Member of Jatiya Sangsad
- In office 7 May 1986 – 15 February 1996
- Succeeded by: Mukhlesur Rahman
- Constituency: Gaibandha-3
- In office 12 June 1996 – 14 January 2014
- Preceded by: Mukhlesur Rahman
- Succeeded by: Eunus Ali Sarkar

3rd Chief Whip of Parliament
- In office 10 July 1986 – 6 December 1987
- Speaker: Shamsul Huda Chowdhury
- Preceded by: Abul Hasanat
- Succeeded by: M. A. Sattar

Personal details
- Born: 1 October 1934 Gaibandha, Bengal Province
- Died: 20 December 2018 (aged 84) United Hospital, Dhaka, Bangladesh
- Party: Jatiya Party (Ershad) (1986-2001) Islami Jatiya Oikya Front (2001–2006) Jatiya Party (Ershad) (2006-2013) Jatiya Party (Zafar) (2013-2017) Jatiya Oikya Front (2018)

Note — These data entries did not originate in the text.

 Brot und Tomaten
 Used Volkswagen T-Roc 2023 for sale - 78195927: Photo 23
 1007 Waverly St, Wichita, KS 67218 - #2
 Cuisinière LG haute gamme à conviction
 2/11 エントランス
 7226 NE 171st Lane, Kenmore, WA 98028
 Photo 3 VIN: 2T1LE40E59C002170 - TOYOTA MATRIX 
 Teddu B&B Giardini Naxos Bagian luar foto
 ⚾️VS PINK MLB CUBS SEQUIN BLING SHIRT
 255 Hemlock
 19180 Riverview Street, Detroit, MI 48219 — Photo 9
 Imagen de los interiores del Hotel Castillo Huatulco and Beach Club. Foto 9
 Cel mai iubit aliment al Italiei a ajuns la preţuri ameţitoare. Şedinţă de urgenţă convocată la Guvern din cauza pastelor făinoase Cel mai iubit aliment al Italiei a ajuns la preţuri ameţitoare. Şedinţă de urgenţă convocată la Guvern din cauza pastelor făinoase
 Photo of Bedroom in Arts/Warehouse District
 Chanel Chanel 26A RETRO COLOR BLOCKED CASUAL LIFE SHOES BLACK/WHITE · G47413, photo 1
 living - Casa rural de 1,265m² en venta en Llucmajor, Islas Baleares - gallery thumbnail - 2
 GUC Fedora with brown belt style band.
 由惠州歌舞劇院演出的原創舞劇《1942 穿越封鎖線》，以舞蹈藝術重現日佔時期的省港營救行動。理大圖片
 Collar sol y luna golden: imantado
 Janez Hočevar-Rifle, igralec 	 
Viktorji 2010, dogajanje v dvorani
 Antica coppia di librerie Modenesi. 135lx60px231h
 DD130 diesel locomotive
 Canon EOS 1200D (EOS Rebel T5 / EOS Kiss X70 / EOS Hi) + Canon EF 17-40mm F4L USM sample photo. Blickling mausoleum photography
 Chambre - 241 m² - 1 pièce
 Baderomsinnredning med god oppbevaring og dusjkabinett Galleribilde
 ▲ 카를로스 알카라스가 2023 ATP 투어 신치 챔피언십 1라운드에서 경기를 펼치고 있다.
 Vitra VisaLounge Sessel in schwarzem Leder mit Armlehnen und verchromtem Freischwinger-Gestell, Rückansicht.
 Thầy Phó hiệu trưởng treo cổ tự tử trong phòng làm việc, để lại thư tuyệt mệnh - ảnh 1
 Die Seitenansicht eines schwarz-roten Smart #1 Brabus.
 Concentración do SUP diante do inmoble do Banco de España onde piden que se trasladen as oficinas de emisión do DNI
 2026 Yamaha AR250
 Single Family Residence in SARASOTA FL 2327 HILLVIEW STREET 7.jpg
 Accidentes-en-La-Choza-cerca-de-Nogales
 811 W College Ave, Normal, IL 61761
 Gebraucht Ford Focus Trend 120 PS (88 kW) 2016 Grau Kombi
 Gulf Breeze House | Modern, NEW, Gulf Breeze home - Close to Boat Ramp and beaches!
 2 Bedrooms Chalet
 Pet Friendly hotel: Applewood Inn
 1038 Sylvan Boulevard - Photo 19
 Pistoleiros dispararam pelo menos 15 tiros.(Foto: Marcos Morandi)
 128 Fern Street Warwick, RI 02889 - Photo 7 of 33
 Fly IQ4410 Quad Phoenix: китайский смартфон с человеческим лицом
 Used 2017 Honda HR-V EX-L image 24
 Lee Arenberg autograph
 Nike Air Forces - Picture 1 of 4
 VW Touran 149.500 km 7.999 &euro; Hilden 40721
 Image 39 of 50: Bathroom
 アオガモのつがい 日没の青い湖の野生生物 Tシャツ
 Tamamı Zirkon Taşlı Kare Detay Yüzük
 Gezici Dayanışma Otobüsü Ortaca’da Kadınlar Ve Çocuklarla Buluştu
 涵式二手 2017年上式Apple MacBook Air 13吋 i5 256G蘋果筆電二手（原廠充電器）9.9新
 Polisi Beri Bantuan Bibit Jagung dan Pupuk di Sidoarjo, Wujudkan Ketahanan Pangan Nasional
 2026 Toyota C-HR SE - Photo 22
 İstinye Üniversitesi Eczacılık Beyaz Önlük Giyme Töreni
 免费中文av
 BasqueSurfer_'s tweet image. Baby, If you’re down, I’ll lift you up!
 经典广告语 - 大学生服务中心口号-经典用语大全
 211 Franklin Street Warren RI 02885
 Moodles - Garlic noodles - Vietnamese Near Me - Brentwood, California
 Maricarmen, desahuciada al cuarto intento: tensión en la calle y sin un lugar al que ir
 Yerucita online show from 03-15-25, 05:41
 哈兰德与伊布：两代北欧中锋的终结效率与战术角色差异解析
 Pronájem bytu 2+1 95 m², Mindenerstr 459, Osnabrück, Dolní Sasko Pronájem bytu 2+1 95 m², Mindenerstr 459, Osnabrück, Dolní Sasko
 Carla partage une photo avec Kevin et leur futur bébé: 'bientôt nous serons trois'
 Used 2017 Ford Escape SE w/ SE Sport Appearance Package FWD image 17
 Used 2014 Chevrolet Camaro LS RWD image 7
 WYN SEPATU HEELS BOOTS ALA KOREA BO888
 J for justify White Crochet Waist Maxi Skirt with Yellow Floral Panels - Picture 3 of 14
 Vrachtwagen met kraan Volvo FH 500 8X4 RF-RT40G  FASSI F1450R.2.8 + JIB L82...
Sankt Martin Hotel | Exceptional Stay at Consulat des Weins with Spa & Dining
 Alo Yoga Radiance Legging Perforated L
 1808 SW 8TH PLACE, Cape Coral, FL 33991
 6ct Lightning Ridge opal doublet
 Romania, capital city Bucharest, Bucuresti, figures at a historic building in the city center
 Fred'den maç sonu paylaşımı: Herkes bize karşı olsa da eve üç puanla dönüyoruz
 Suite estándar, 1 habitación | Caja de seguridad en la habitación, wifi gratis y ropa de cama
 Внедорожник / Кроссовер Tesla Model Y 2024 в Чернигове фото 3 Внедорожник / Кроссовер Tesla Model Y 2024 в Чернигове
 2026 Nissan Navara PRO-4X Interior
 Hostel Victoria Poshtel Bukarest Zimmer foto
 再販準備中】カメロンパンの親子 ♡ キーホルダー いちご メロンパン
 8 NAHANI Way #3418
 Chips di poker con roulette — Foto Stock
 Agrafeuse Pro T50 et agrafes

= TIM Fazle Rabbi Chowdhury =

Bangladeshi politician (1934–2018)

Fazle Rabbi Chowdhury (ফজলে রাব্বি চৌধুরী; 1 October 1934 – 20 December 2018) was a Bangladeshi politician from Gaibandha who was a member of parliament for six terms. As an advisor to President Hussain Mohammad Ershad, he represented the Jatiya Party for most of his lifetime.

==Early life==
Chowdhury was born on 1 October 1934, to a Bengali Muslim family of Chowdhuries from the village of Taluqzamira in Harinathpur, Palashbari under Gaibandha (formerly part of Rangpur District) in Bengal Province. He earned a M.Sc. and a PhD.

==Career==
Chowdhury was elected to parliament from Gaibandha-3 in 1986, 1988, 1991, and 1996 as a candidate of Jatiya Party (Ershad). He was elected in 2001 as a candidate of Islami Jatiya Oikya Front and in 2008 as a candidate of Jatiya Party (Ershad). He was an advisor to President Hussain Mohammad Ershad. He worked as a professor at the Bangladesh Agricultural University. In 2015, he was the acting chairperson of Jatiya Party. He later joined the Jatiya Party faction led by Kazi Zafar Ahmed. After Ahmed's death in 2015, Chowdhury became the chairman of the faction until his own death.

==Death==
Chowdhury died on 20 December 2018 in United Hospital, Dhaka.